As CLOs have no originator, figuring out who should be subject to the retention proved difficult. CLO managers, who control what loan collateral goes into the structure, are typically thinly capitalised institutions similar to fund managers. They raise funds for clients, rather than deploying their own capital. Forcing them to deduct 5% of the value of a CLO transaction from their own funds would have rendered the business prohibitively expensive.

But the EBA has clarified that, in certain circumstances, it will be possible for funds providing equity investment to fulfil the risk retention role. "We’ve got much more clarity on how an equity investor retention will work," said Quirolo. "They need to be involved in structuring and initial portfolio selection, and approve any material changes to the transaction such as eligibility criteria, but they don’t need to approve each investment, which is great for CLO managers."
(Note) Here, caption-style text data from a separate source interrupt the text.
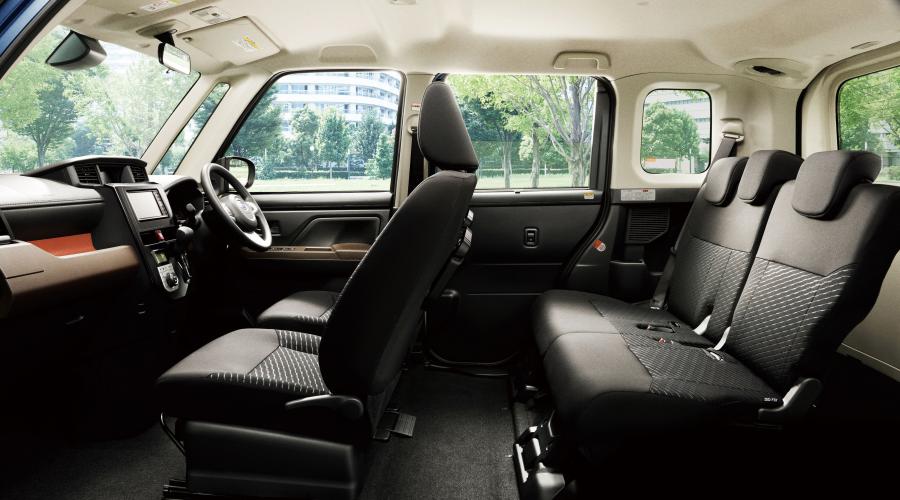 Интерьер Subaru Justy G 2016 года  (фото 4 из 5)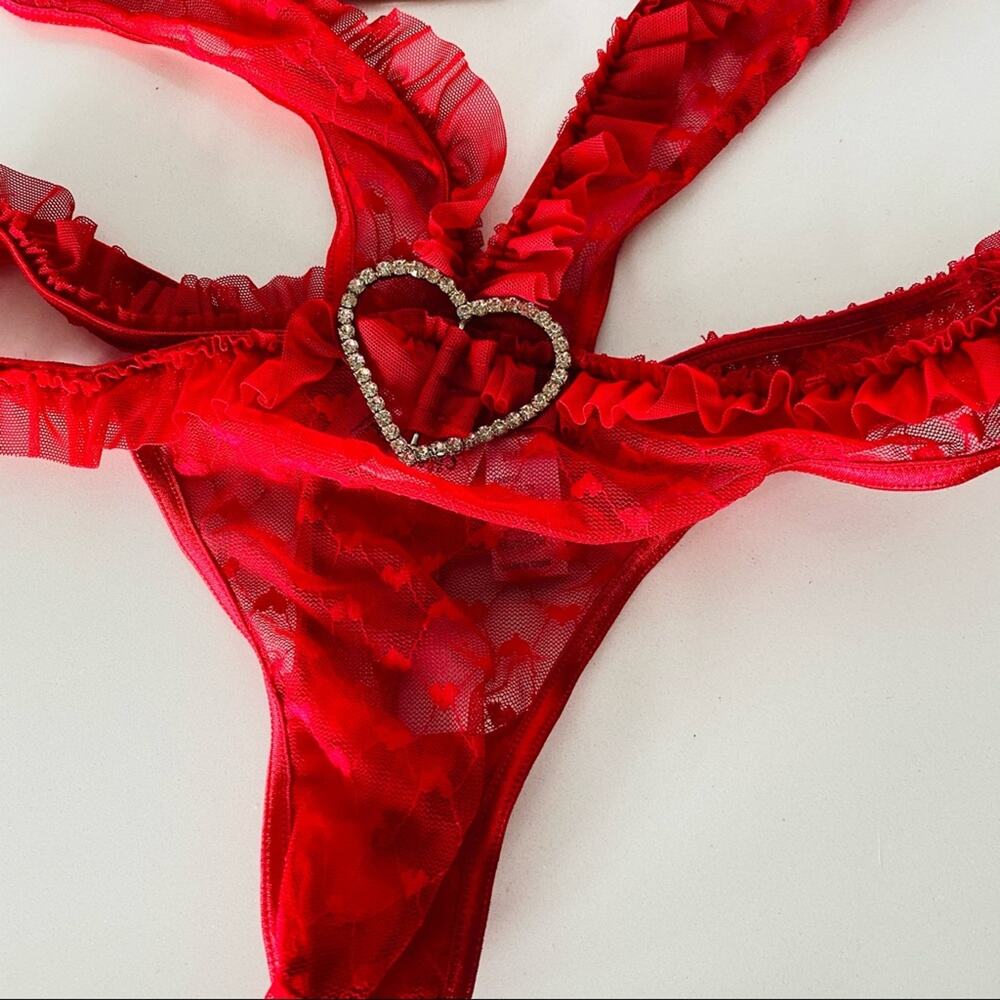 NEW FREDERICKS Sheer Red Lace Heart Halter Tank Thong Panty Teddy Lingerie S - Picture 3 of 8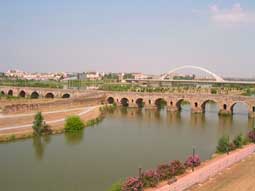 carnets de voyage espagne - merida - le pont romain sur le guadiana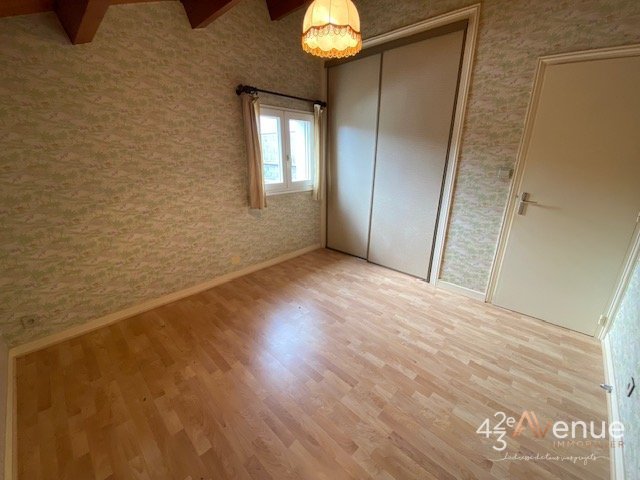 MAISON A LOUER - ST ETIENNE COTE CHAUDE LES MAISONS ROUGES - 143.7 m2 - 999 &euro; charges comprises par mois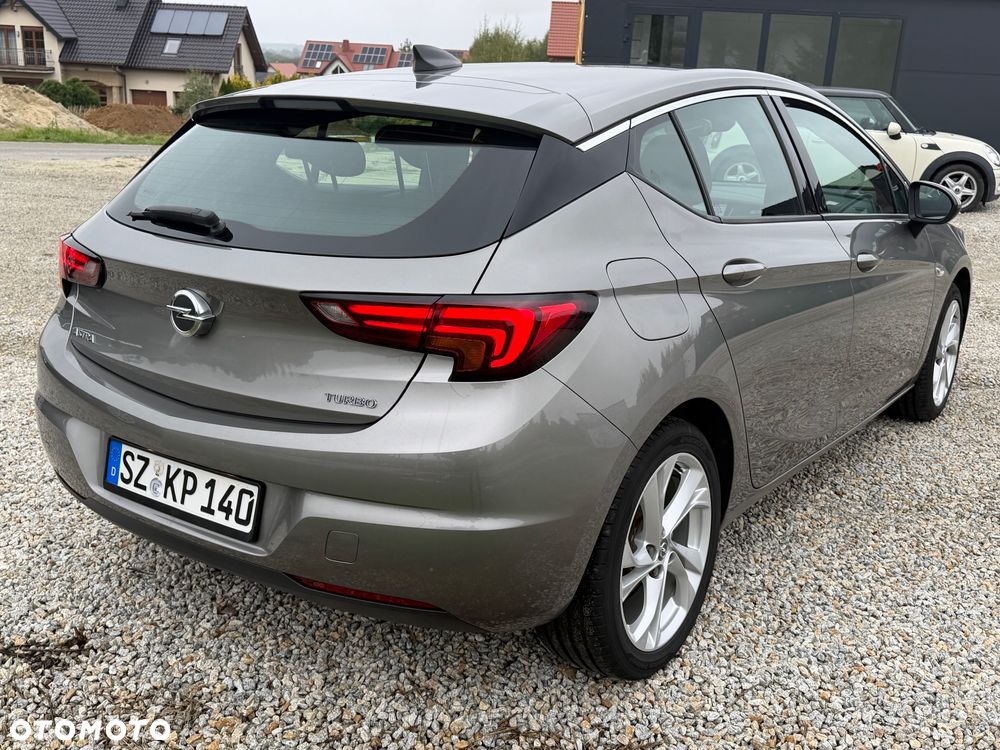Opel Astra 1.4 Turbo Innovation - 9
This is the second pair of eyes solution — the equity investor must not be advised by nor linked to the CLO manager, so it can oversee construction of the initial portfolio and selection criteria. This is not strictly alignment of interest in the sense intended by the original design of the rule for RMBS, but it does provide extra oversight for buyers of the liabilities.

It’s not all good news, as the EBA guidance includes one unwelcome clarification. If a CLO manager sells loans at a profit and reinvests the money — with a resulting increase in the par value of the exposures in the securitisation — the retention must also be increased.

Solutions to this problem could include applying trading gains to the senior notes, or pro rata to the debt tranches. Before the global financial crisis, trading gains were typically applied to the equity. If trading gains are no longer available, CLO equity funds may seek higher returns through other means.

Despite the improved regulatory environment, Quirolo says economics are still a problem. "When the arbitrage between loan spreads and CLO liabilities starts to make sense, people will be able to structure deals that work from a risk retention perspective," he said.

In a recent research report, JP Morgan analysts put triple-A high yield CLOs at 250bp over Euribor, with double-A at 675bp, single-A at 1,000bp, triple-B at 1,300bp, and double-B at 1750bp. The same research put generic European leveraged loan spreads at 796bp.

ABCP answers

The EBA’s guidance note also clarified the treatment of ABCP and correlation trading portfolios. ABCP investors are effectively left to do their own due diligence work — getting conduit sponsors off the hook with respect to disclosure. "The EBA is aware that sellers often use ABCP for the purposes of anonymity and that according to the guidelines, confidential arrangements do not need to be disclosed," the EBA said. "It is therefore primarily the decision of investors as to what due diligence requirements and level of granularity of the disclosure they consider as most appropriate for each asset class. It is not the EBA’s intention to prescribe these requirements."

This gives the regulator more flexibility, as investors must be able to demonstrate due diligence to its satisfaction.

"The EBA doesn’t want to give macro guidance on how every investor should do their due diligence, given the diversity of transactions in the market," said Quirolo. "Each investor needs to be able to look their regulator in the eye and explain what due diligence was done."

Doug Long, executive director at Principia Partners, a provider of investor due diligence software, said this principle extended throughout the EBA guidance. "This is a strong statement of intent, there’s no wiggle room around reporting, whether exposures are off-balance sheet, transferred through total return swaps and so on," he said. "Wherever your exposures go, and whatever kind of credit institution you are, you have to do due diligence on it."

"In general, if you’re not sure whether there has to be a retention or whether you have to do due diligence, the answer is always yes."

Long added that interpretation was crucial, though. "This guidance gives regulators plenty of flexibility, but it will really matter where they choose to draw the line, how it works in practice," he said.